Today's #Trust30 prompt by Jonathan Fields asks: “What alternative opportunities, interpretations and paths am I not seeing?” In a field facing potentially drastic changes, librarianship, this is extremely relevant for me. So rather than defining myself as a librarian or information specialist, person, whatever it is, I have to ask, what do I like to do, what am I good at, what new abilities might I want to acquire? Maybe I don't know the answers to any of these questions right now.
Take computing. I had great difficulty using a computer when I was younger, had to rely on help from my father to pass a math course, or from more skilled peers just to type a college essay into a word processor. I knew nothing of commands or programming, could barely play games even, and for me a computer was little more than a sophisticated typewriter.
This all changed with the world wide web, software developed to browse it and information placed on remote servers for me to find using these tools to help me in my library work and answer questions for the people I served as well as for my own personal interest. And all this was completely unknown to me several years before, I could not have conceived of it, even as others were working hard to turn it into reality. And what followed has been a long fascination with information discovery on the internet. Finding. I think of the Latin word invenio, I find, I come upon, from which comes our word "invent."

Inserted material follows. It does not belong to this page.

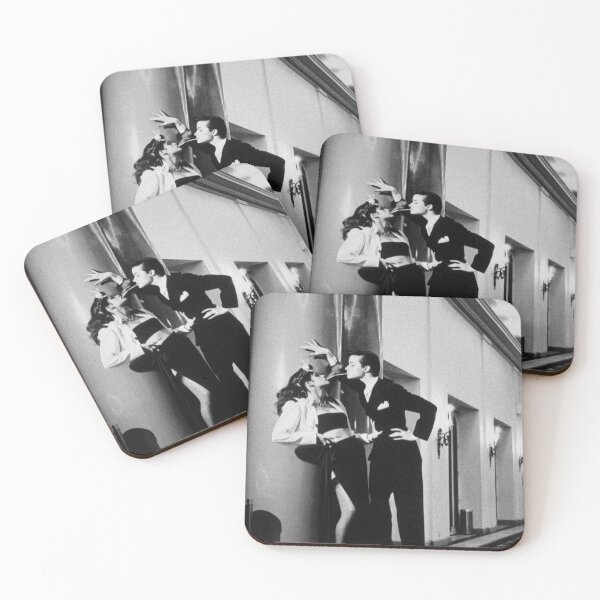 Item preview, woman into man designed and sold by jaqmusicoo.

So the path for me in the future may or may not involve a library building. It may involve skills used in finding and organizing and presenting information, connecting people with people and information, or it may be something I haven't even thought or heard of. My colleague Bill Mayer is known to say that the distinction between the library and IT in organizations or the distinction between the library and the network is dissolving. In a place, be it a business, educational institution or municipality, where these things are conundrums, this can present an opportunity for someone interested in information and knowledge, making things accessible for people and putting them to use. And I once worked with a scientist who told me it was my job to make myself obsolete, and if I did, and did it well, there would potentially be other opportunities and rewarding work for me. I believe he is right.